THE 48 LAWS OF POWER

The authors have created a sort of anti-Book of Virtues in this encyclopedic compendium of the ways and means of power.

Everyone wants power and everyone is in a constant duplicitous game to gain more power at the expense of others, according to Greene, a screenwriter and former editor at Esquire (Elffers, a book packager, designed the volume, with its attractive marginalia). We live today as courtiers once did in royal courts: we must appear civil while attempting to crush all those around us. This power game can be played well or poorly, and in these 48 laws culled from the history and wisdom of the world’s greatest power players are the rules that must be followed to win. These laws boil down to being as ruthless, selfish, manipulative, and deceitful as possible. Each law, however, gets its own chapter: “Conceal Your Intentions,” “Always Say Less Than Necessary,” “Pose as a Friend, Work as a Spy,” and so on. Each chapter is conveniently broken down into sections on what happened to those who transgressed or observed the particular law, the key elements in this law, and ways to defensively reverse this law when it’s used against you. Quotations in the margins amplify the lesson being taught.

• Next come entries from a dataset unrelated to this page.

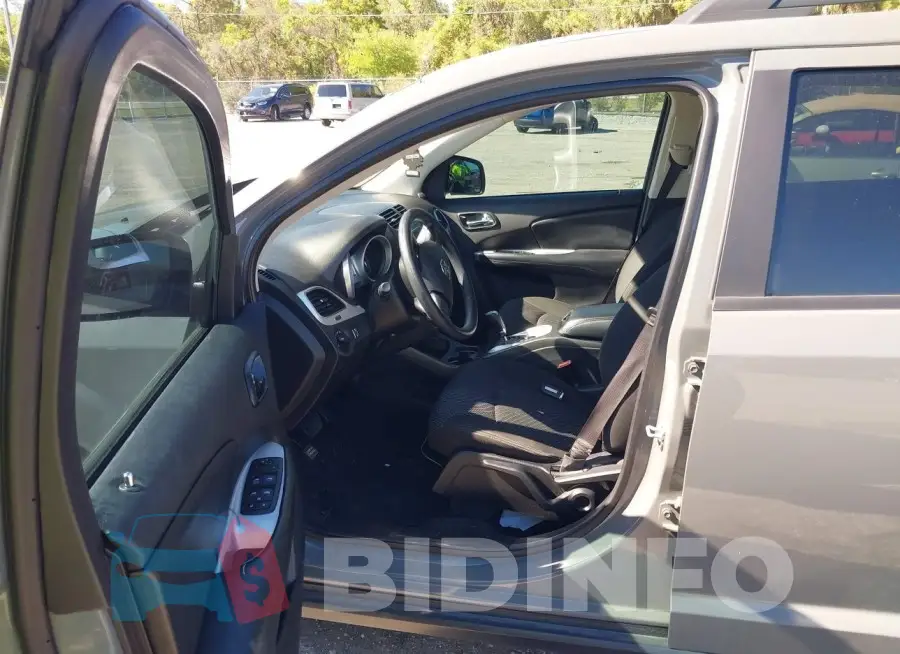 3C4PDCAB5LT250555 Photo# 5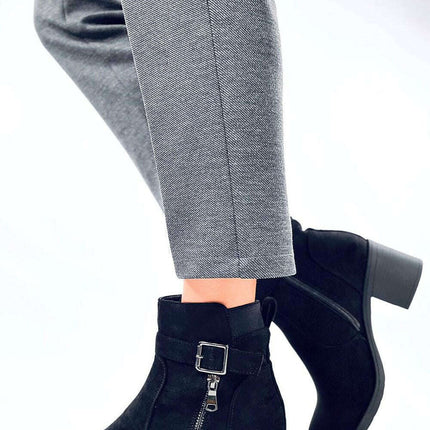 Heel boots model 201388 - Très Elite
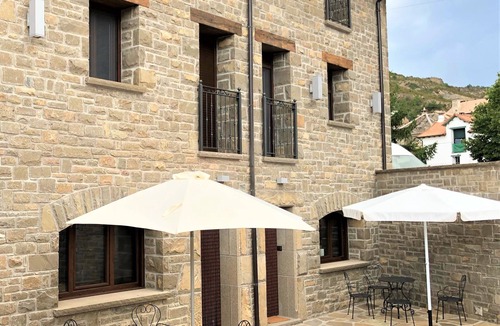 Yebra de Basa Apartment | Casa Pérez, new rural house in the Aragonese Pyrenees! Since December 2018!
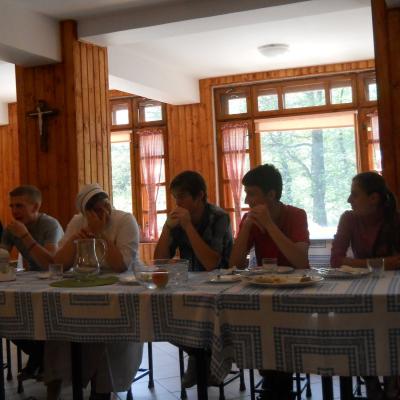 12 mai:Bacău: Zi de formare şi de reculegere pentru tineri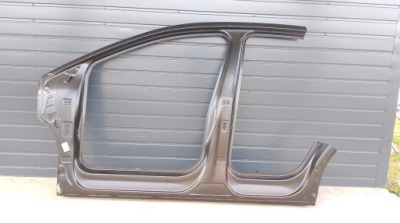 Audi q4 e tron левый блок двигателя порог обшивка переход nowe фото №1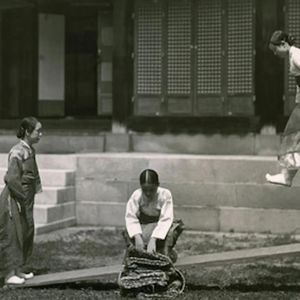 Crypto Markets Today: BTC, ETH Hold Gains as Aster’s Leverage-Fueled Volume Hits $64B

While compelling in the way an auto accident might be, the book is simply nonsense. Rules often contradict each other. We are told, for instance, to “be conspicuous at all cost,” then told to “behave like others.” More seriously, Greene never really defines “power,” and he merely asserts, rather than offers evidence for, the Hobbesian world of all against all in which he insists we live. The world may be like this at times, but often it isn’t. To ask why this is so would be a far more useful project.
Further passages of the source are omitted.